- Born: 1 April 1985 (age 41) London, United Kingdom
- Occupations: Presenter, journalist
- Employer: Channel 4

= Zezi Ifore =

British broadcaster

Zezi Ifore (/ˈzeɪziː ˈaɪfɔər/; born 1 April 1985), is a broadcaster and creative consultant from London.

==Early life==
Born in London, England, UK of Nigerian heritage, Ifore attended Alleyns School in Dulwich, along with Jack Peñate. She studied French and Italian at Oxford University.

==Career==
Ifore formed the DJ collective The Coconut Twins, performing and earning acclaim for their work, and both toured with M.I.A. during her KALA Tour in 2007. Ifore, has also styled other artists.

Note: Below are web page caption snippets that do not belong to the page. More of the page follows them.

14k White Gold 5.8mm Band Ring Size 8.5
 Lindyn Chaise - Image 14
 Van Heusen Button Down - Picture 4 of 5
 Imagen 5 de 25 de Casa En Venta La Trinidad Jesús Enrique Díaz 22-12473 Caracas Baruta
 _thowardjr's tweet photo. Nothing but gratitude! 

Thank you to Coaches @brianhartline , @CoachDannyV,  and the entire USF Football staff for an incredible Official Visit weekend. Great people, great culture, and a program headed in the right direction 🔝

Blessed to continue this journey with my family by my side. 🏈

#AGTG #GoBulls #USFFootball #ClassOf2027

Ifore has contributed to publications including i-D and Dazed & Confused, and at the age of 18 was the fashion editor of Live magazine. By the age of 21, she was editor of Super Super magazine. She has since written for The Metro, The Guardian, Electronic Beats and Wad magazine.

Ifore, along with George Lamb, replaced Dermot O'Leary as the host of Big Brother's Little Brother when it returned on 5 June 2008 but was dropped for the 2009 series. Ifore also presented Channel 4's music show, Freshly Squeezed, and E4 Music.

Ifore has also worked as a marketing consultant and in A&R.